Meta Platforms has been hit with a record $1.3 billion fine for violating European Union rules that prohibit transferring the data of EU citizens to other countries. Ireland’s Data Protection Commission, the agency of record in the region in which Meta was sued, said that the tech giant continues to operate outside of compliance with the EU’s General Data Protection Regulation (GDPR) after a 2020 ruling by the bloc’s highest court found that Facebook user data was being shipped to America without adequate protection from U.S. spy agencies.
Meta says it will appeal the decision, adding that there will be “no immediate disruption to Facebook’s service in the Europe Union,” writes The New York Times.

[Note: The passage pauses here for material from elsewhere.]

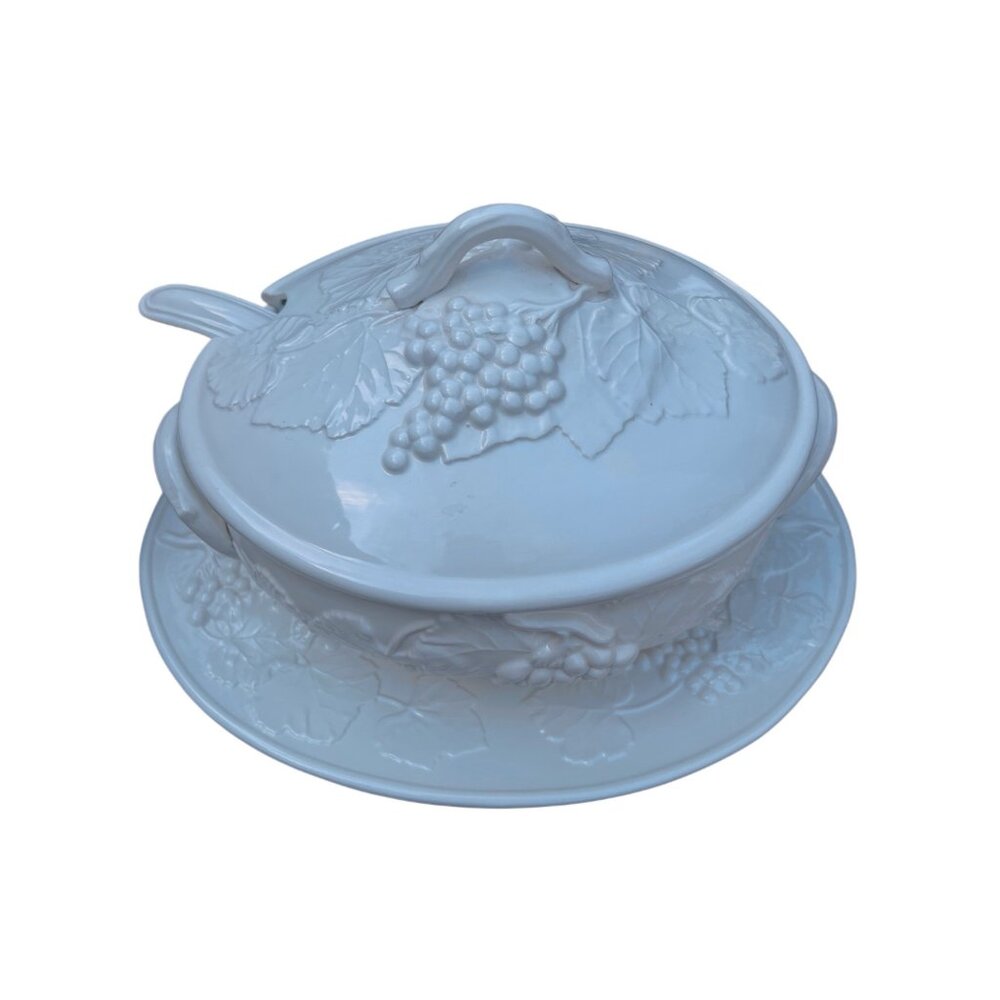 Elios of Italy White Embossed Grape Pattern Ceramic Soup Tureen With Lid & Plate - Picture 9 of 9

The EU’s ruling “shows how government policies are upending the borderless way that data has traditionally moved.”
It is “unclear if or when Meta will ever need to cordon off the data of Facebook users in Europe,” NYT says, noting that concurrent with the massive fine “European Union and American officials are negotiating a new data-sharing pact that would provide legal protections for Meta and scores of other companies to continue moving information between the United States and Europe — a pact that could nullify much of the European Union’s ruling.”
The ruling, which has “a grace period of at least five months before Meta needs to comply, applies only to Facebook and not to Instagram and WhatsApp, which Meta also owns,” according to NYT.
The record fine against Meta involves U.S. policies that permit intelligence agencies to intercept digital correspondence and other electronic communications originating abroad. Based on those policies, Austrian privacy activist Max Schrems in 2020 sued to invalidate the U.S.-EU Privacy Shield pact.
The Privacy Shield allowed social media companies, including Facebook and others “to move data between the two regions,” says NYT. The European Court of Justice sided with Schrems, opining that the risk of U.S. data appropriation violated the rights of European users.
“Unless U.S. surveillance laws get fixed, Meta will have to fundamentally restructure its systems,” Schrems said in a statement on Monday.
In Q1 Meta had close to $117 billion in global revenue, and CFO Susan Li said roughly 10 percent of the company’s total ad revenue was generated by Facebook ads delivered to users in E.U. countries.
CNBC says “the 1.2 billion euro punishment for Meta is the highest any company has ever been fined for breaching GDPR” and that “the previous largest fine was a 746 million euro charge for e-commerce giant Amazon for violating GDPR in 2021.”